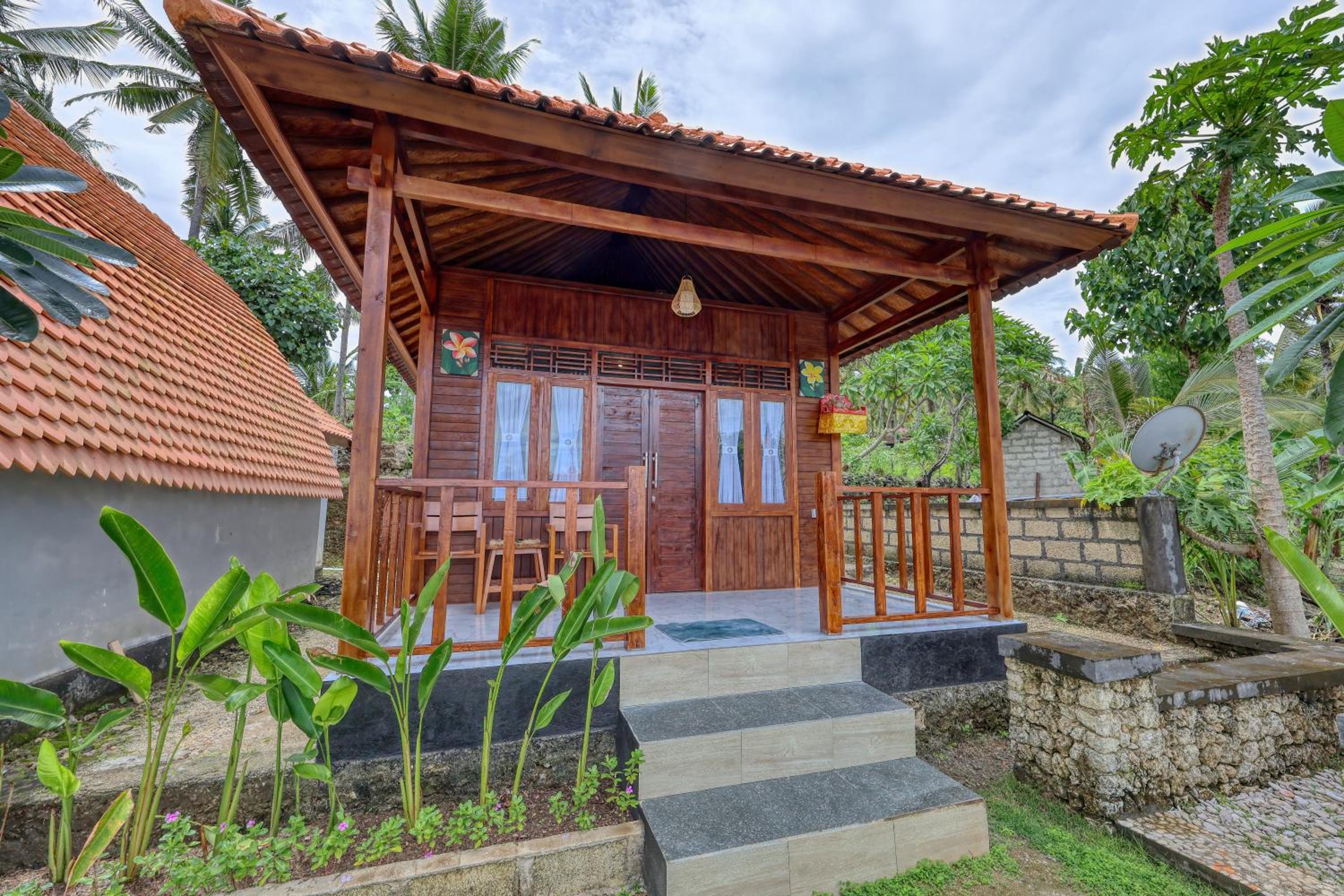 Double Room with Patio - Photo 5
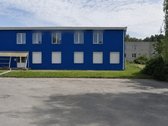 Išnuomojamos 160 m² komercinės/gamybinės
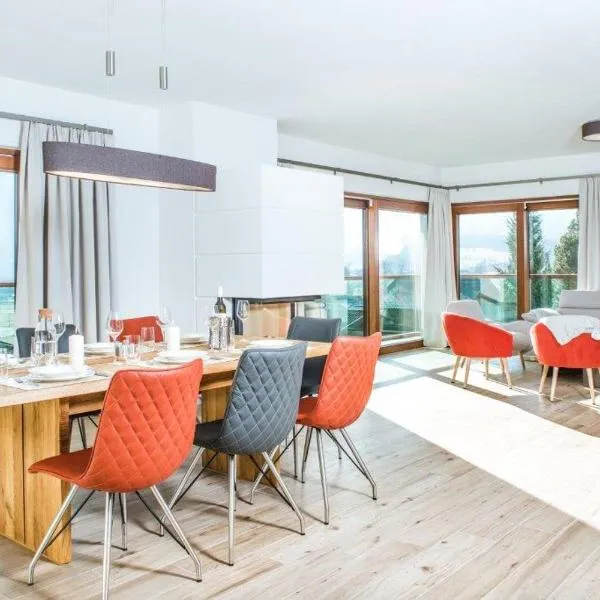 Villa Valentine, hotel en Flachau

---

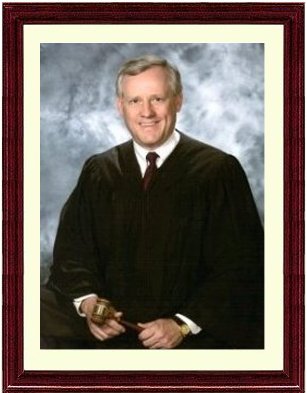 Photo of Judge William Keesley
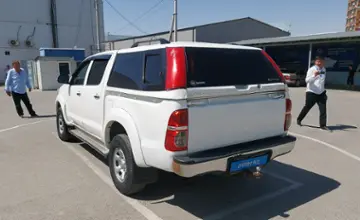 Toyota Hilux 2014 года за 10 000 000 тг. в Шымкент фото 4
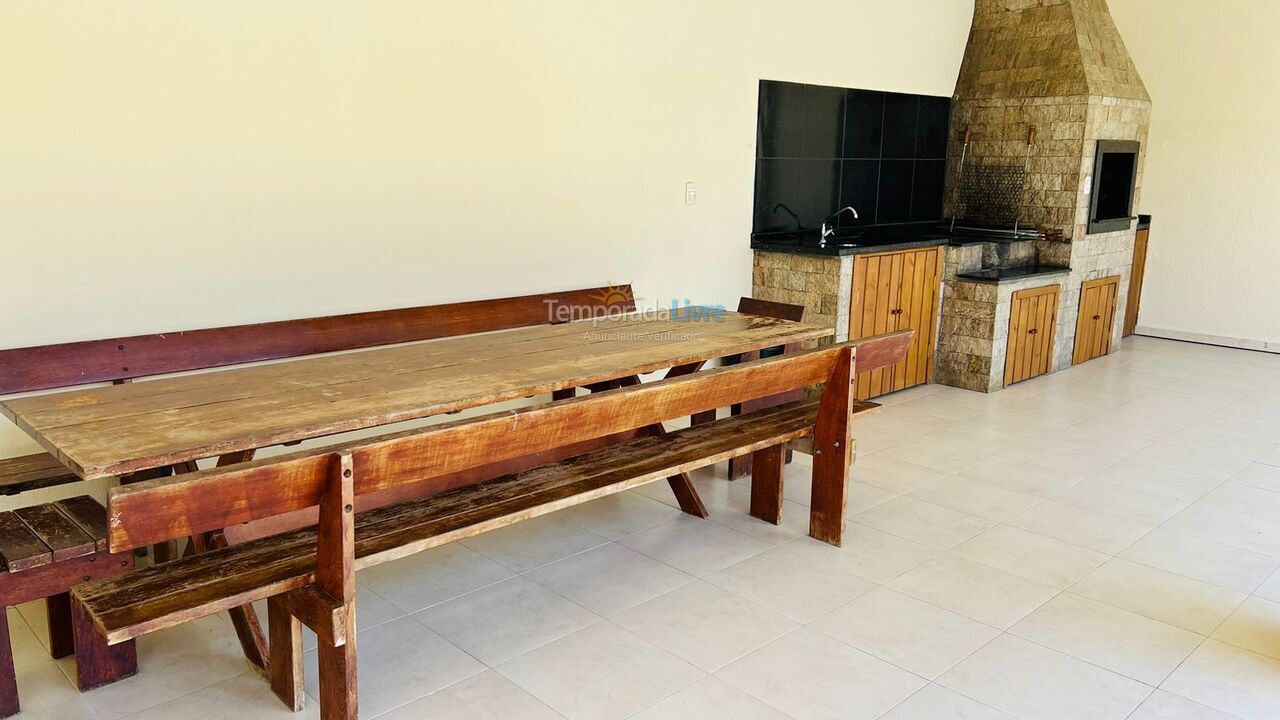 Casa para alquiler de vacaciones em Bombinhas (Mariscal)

YOUR INSTRUCTIONS: Only one stretch of the data is wanted: write out exactly the lines from the one holding "Toyota Hilux 2014" through the one holding "Casa para alquiler", both included, without the pictures.

OUTPUT OF THE EXERCISE:
 Toyota Hilux 2014 года за 10 000 000 тг. в Шымкент фото 4
 Casa para alquiler de vacaciones em Bombinhas (Mariscal)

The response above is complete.